Die Unverhältnismäßigkeit ergibt sich auch nicht aus den Folgen der Aberkennung des Ruhegehalts für den Krankheitsfall. Insbesondere ist die Maßnahme nicht dann unverhältnismäßig, wenn der Ruhestandsbeamte als Folge der Disziplinarmaßnahme künftig erhebliche finanzielle Mittel für Krankenversicherung einsetzen muss, um in gleichem Umfang wie bisher von Krankheitsaufwendungen freigestellt zu werden. Nach der Rechtsprechung des Senats liegt ein Verstoß gegen das Verhältnismäßigkeitsgebot selbst dann nicht vor, wenn der Beamte aufgrund der Verhängung der Höchstmaßnahme bestehenden Krankenversicherungsschutz verliert und er keine Aufnahme in eine andere Krankenkasse findet. In einem solchen Fall ist der Beamte darauf zu verweisen, dass ihm unter den Voraussetzungen des § 27 Abs. 1 Nr. 4 und des § 37 des Bundessozialhilfegesetzes ein Anspruch auf Krankenhilfe zusteht (vgl. Urteil vom 12. April 1995 - BVerwG 1 D 71.94 - ; Urteil vom 17. April 1996 - BVerwG 1 D 54.95 -).

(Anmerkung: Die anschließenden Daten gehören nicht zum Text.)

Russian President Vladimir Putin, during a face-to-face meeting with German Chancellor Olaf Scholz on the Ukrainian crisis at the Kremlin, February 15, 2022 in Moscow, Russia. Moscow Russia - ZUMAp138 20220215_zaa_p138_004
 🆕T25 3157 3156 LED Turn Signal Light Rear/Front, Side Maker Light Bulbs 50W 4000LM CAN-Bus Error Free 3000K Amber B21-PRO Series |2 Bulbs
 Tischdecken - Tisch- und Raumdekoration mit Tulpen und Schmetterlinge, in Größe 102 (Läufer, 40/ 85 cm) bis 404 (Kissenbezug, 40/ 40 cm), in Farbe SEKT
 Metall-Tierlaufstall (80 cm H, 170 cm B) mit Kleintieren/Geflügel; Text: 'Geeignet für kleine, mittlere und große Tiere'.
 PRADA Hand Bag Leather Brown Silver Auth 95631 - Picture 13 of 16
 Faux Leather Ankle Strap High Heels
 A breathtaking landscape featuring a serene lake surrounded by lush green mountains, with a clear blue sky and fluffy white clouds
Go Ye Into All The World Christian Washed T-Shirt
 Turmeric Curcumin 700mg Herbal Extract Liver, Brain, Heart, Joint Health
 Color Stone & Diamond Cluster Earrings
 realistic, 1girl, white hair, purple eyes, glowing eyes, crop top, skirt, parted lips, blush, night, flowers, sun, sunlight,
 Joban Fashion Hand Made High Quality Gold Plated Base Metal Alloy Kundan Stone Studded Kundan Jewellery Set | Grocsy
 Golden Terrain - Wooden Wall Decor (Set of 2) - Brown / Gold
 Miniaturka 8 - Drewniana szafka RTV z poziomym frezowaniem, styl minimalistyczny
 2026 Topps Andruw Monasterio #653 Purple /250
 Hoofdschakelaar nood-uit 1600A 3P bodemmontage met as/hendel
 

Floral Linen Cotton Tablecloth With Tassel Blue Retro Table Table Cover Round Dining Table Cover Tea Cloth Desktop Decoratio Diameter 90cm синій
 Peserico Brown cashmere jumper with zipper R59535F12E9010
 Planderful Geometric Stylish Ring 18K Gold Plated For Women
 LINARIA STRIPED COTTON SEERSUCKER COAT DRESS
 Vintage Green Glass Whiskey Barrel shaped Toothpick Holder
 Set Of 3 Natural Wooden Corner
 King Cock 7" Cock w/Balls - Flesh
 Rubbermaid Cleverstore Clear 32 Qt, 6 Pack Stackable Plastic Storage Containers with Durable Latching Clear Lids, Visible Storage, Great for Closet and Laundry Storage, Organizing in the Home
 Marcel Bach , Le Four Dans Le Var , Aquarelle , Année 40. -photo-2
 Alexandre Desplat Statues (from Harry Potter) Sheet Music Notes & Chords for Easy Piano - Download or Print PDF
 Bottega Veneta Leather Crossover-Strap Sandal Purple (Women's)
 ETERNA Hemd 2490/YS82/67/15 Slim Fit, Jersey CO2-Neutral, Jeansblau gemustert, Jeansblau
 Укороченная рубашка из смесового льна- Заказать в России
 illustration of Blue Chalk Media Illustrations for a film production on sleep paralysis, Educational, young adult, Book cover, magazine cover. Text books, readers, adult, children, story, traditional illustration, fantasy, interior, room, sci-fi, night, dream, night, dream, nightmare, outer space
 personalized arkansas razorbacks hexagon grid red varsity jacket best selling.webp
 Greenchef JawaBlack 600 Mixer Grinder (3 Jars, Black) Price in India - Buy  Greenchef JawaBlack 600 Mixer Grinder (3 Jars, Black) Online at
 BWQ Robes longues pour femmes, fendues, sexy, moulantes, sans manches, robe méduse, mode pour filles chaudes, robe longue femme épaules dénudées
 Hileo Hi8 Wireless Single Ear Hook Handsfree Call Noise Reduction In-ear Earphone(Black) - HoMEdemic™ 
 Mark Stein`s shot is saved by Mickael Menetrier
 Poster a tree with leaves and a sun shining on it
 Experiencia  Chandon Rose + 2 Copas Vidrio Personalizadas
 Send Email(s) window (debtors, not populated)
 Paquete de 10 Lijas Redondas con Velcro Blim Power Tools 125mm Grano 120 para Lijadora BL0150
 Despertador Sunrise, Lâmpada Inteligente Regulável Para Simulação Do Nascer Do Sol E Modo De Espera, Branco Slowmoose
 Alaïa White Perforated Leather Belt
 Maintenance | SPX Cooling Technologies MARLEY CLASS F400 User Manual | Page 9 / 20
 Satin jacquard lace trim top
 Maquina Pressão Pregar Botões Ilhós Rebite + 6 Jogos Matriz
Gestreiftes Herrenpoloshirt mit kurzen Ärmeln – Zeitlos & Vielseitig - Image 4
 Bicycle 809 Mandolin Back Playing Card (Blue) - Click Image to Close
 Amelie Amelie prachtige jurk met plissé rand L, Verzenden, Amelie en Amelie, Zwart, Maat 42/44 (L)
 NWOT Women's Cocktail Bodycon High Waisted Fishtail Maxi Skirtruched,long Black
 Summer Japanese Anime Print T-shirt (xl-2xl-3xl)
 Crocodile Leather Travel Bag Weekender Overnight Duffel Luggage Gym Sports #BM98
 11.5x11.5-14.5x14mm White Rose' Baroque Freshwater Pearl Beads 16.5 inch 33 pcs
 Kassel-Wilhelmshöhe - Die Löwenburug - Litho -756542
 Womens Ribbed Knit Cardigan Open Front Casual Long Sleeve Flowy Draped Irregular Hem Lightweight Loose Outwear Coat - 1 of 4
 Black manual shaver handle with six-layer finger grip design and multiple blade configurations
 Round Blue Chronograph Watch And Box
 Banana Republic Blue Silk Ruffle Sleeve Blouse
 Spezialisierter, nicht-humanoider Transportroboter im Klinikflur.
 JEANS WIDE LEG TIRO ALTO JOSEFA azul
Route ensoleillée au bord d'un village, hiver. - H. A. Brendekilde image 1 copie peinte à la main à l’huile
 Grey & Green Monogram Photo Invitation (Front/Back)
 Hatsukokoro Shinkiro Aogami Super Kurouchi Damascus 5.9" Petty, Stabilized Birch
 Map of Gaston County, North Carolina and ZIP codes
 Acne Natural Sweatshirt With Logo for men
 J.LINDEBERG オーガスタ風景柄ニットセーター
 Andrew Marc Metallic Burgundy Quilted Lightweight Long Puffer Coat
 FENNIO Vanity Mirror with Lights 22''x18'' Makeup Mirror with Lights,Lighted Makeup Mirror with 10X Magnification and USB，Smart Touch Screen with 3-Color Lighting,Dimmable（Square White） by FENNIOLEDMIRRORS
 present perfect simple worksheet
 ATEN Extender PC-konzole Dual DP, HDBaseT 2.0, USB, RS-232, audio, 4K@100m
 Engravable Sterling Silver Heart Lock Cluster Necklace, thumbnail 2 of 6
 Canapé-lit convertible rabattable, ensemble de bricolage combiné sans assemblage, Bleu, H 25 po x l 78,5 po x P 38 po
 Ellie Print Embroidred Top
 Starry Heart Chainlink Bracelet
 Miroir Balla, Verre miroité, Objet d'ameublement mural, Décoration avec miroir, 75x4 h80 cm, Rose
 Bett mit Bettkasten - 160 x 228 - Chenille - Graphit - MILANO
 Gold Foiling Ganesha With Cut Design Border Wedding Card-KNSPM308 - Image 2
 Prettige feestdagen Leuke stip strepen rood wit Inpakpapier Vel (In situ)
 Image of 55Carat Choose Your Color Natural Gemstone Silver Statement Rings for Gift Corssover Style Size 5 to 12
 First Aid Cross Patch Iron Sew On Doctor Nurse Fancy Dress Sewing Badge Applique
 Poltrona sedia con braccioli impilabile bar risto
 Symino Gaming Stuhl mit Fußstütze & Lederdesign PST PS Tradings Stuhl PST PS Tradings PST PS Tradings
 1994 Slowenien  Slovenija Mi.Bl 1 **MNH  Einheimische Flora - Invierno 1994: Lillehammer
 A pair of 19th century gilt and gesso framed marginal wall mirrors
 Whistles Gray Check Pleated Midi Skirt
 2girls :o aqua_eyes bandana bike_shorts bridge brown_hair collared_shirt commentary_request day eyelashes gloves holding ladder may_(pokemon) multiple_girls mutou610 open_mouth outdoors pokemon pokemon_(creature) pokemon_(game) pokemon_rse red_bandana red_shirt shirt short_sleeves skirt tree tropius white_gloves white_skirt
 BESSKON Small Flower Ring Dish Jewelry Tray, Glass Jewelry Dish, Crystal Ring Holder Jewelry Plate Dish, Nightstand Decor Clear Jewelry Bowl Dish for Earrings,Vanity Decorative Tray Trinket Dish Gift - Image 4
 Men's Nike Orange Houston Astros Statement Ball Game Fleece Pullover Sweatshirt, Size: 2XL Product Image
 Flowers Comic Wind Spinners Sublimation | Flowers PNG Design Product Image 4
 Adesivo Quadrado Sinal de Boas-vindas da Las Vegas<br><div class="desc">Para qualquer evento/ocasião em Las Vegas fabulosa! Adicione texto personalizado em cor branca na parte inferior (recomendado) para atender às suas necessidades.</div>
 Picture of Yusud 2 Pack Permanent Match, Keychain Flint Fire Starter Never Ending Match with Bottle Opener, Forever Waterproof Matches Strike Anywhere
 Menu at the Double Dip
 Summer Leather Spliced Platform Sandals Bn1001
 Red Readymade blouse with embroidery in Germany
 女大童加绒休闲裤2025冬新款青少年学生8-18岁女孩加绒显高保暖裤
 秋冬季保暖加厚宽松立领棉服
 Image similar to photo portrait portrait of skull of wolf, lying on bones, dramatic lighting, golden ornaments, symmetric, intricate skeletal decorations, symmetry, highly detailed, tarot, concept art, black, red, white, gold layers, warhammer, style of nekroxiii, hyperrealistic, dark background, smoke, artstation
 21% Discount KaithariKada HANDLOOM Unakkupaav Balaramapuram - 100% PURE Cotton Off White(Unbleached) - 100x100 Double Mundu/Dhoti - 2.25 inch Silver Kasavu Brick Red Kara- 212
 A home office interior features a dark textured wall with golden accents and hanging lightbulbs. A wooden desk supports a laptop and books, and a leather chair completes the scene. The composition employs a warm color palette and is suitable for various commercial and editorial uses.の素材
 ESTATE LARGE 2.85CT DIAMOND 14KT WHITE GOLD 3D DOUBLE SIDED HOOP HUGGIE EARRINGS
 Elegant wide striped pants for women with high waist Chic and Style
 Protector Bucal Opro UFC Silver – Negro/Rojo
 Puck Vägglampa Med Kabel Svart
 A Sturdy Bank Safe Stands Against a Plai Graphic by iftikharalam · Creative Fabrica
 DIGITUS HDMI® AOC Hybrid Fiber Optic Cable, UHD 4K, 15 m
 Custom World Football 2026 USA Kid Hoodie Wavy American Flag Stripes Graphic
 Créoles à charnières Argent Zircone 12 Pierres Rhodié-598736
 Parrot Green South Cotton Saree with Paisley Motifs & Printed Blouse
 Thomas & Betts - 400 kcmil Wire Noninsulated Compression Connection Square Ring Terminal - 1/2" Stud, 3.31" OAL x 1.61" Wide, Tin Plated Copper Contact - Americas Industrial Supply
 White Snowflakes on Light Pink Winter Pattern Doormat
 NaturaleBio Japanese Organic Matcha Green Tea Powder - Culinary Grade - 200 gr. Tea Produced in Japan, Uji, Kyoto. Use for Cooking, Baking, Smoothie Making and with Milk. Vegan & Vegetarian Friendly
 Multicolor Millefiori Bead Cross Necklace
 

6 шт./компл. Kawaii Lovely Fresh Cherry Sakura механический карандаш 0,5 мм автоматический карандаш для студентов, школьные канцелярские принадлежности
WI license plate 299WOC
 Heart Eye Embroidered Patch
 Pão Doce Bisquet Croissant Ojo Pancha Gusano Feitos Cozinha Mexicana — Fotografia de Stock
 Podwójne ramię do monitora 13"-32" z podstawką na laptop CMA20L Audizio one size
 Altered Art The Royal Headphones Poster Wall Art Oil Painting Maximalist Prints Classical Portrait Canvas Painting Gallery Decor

Mithin können die durch Beiträge zu einer Krankenversicherung entstehenden finanziellen Belastungen die Unverhältnismäßigkeit ebenfalls nicht begründen. Davon abgesehen handelt es sich um eine mittelbare Folge der Verhängung der Höchstmaßnahme. Sollten sich insoweit rechtliche Bedenken ergeben, beträfen diese die einschlägigen krankenversicherungsrechtlichen Regelungen. Die Disziplinarmaßnahme wäre davon nicht berührt.

4.

Der Senat hat die Laufzeit des von dem Bundesdisziplinargericht für die Dauer von sechs Monaten bewilligten Unterhaltsbeitrags verdoppelt. Damit wird dem Umstand Rechnung getragen, dass die Aufnahme einer anderen Erwerbstätigkeit durch den Ruhestandsbeamten insbesondere mit Blick auf seinen Gesundheitszustand auf besondere Schwierigkeiten stoßen wird. Weist der Ruhestandsbeamte nach, dass er sich während des gesamten Bewilligungszeitraums nachdrücklich, aber letztlich erfolglos um eine andere Einnahmequelle bemüht hat, so kann ihm vom Bundesdisziplinargericht auf seinen Antrag bei fortbestehender Bedürftigkeit ein Unterhaltsbeitrag neu bewilligt werden. Der dem Ruhestandsbeamten bewilligte Unterhaltsbeitrag ist zu seinen Gunsten mit Blick auf seine gegenwärtigen wirtschaftlichen Verhältnisse, die sich nach der Entscheidung des Bundesdisziplinargerichts verschlechtert haben, auf den gesetzlich zulässigen Höchstsatz angehoben worden (§ 77 Abs. 1 BDO).